Further, the biomarkers include combinations of PC42:6, PC42:7, SM d18:1/14:0.
Further, the biomarkers also include new cardiovascular and cerebrovascular event prediction/diagnosis indicators including age, sex, year of dialysis.
Further, the biomarkers also include new cardiovascular and cerebrovascular event prediction/diagnosis indicators including combinations of age, gender, year of dialysis.
The invention provides a system for automatically assisting in diagnosing or predicting whether end-stage renal disease is complicated with cardiovascular and cerebrovascular diseases, which comprises a result judging module, wherein the result judging module is used for analyzing whether the end-stage renal disease of a subject is complicated with cardiovascular and cerebrovascular diseases according to the expression level of the biomarker.
Further, the system comprises an input module for inputting the expression level of the aforementioned biomarker.
Further, the system comprises an output module for outputting the analysis result of the result judging module.
The term "automated" refers to the situation where it is not necessary to perform any one or more steps of a procedure or method (e.g. cell collection) by hand (i.e. manually), but where the desired step or procedure (e.g. cell collection) may be performed by one or more suitable devices or systems such as one or more robots, liquid handling robots and/or other (e.g. solvent formulation) liquid transfer devices which are programmed prior to performing the one or more steps such that the corresponding steps and modes (in particular the collection steps) are performed in an automated manner according to the programmed content.
The term "system" refers not only to a system having a configuration in which a plurality of computers, pieces of hardware, devices, and the like are connected to each other via a communication unit such as a network (including communication connection established in a one-to-one manner), but also to a system implemented by one computer, one piece of hardware, one device, and the like.
The term "subject" or "patient" includes any human or non-human animal.
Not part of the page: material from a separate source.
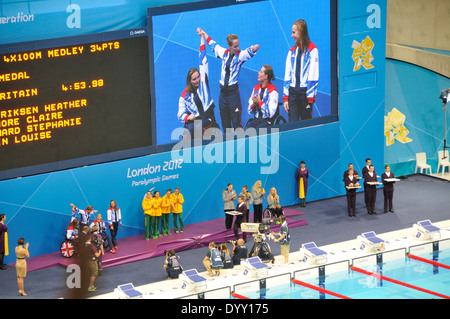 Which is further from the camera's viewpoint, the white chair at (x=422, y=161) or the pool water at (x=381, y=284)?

The term "non-human animal" includes all vertebrates, e.g., mammals and non-mammals, such as non-human primates, sheep, dogs, cats, horses, cows, bears, chickens, amphibians, reptiles, and the like.
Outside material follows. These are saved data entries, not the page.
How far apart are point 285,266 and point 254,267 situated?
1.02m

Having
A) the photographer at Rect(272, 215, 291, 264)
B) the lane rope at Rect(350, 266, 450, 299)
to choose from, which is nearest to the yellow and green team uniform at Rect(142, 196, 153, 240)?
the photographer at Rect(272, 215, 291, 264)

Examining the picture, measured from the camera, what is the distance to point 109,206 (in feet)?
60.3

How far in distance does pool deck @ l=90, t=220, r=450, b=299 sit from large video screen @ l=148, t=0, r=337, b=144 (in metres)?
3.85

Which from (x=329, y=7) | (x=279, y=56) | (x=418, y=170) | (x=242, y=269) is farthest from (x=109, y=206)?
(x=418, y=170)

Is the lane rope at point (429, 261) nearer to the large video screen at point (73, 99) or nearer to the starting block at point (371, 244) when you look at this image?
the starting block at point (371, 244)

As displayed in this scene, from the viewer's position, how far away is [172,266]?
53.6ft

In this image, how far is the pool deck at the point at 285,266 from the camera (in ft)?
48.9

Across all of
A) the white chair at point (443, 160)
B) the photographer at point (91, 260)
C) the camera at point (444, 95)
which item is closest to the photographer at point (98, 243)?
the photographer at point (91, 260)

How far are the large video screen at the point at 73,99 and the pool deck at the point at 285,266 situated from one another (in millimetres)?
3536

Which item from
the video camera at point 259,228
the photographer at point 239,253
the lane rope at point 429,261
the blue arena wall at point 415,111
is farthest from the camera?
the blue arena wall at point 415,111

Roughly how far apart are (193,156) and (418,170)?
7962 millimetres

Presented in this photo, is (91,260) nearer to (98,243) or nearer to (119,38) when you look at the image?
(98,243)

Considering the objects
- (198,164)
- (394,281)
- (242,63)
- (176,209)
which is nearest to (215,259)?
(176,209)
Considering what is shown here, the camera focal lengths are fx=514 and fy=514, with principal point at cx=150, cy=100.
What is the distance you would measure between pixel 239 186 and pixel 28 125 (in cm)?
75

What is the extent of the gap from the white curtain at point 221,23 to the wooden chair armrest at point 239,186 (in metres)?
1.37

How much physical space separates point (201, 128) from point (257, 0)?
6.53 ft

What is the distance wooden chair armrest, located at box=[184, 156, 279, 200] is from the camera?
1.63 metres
In some embodiments, implementation of the system includes performing or completing selected tasks manually, automatically, or a combination thereof. Moreover, the actual instrumentation and equipment of the embodiments of the systems according to the present invention may utilize the systems to implement various program tasks by way of hardware, software, firmware, or a combination thereof.
The invention provides application of a biomarker in preparing a product for end-stage renal disease typing, wherein the end-stage renal disease typing comprises end-stage renal disease complicated with cardiovascular and cerebrovascular diseases and end-stage renal disease not complicated with cardiovascular and cerebrovascular diseases.
The biomarkers include PC42:6, PC42:7, SM d18:1/14:0.
Further, the biomarkers include combinations of PC42:6, PC42:7, SM d18:1/14:0.
Further, the biomarkers also include new cardiovascular and cerebrovascular event prediction/diagnosis indicators including age, sex, year of dialysis.
Further, the biomarkers also include new cardiovascular and cerebrovascular event prediction/diagnosis indicators including combinations of age, gender, year of dialysis.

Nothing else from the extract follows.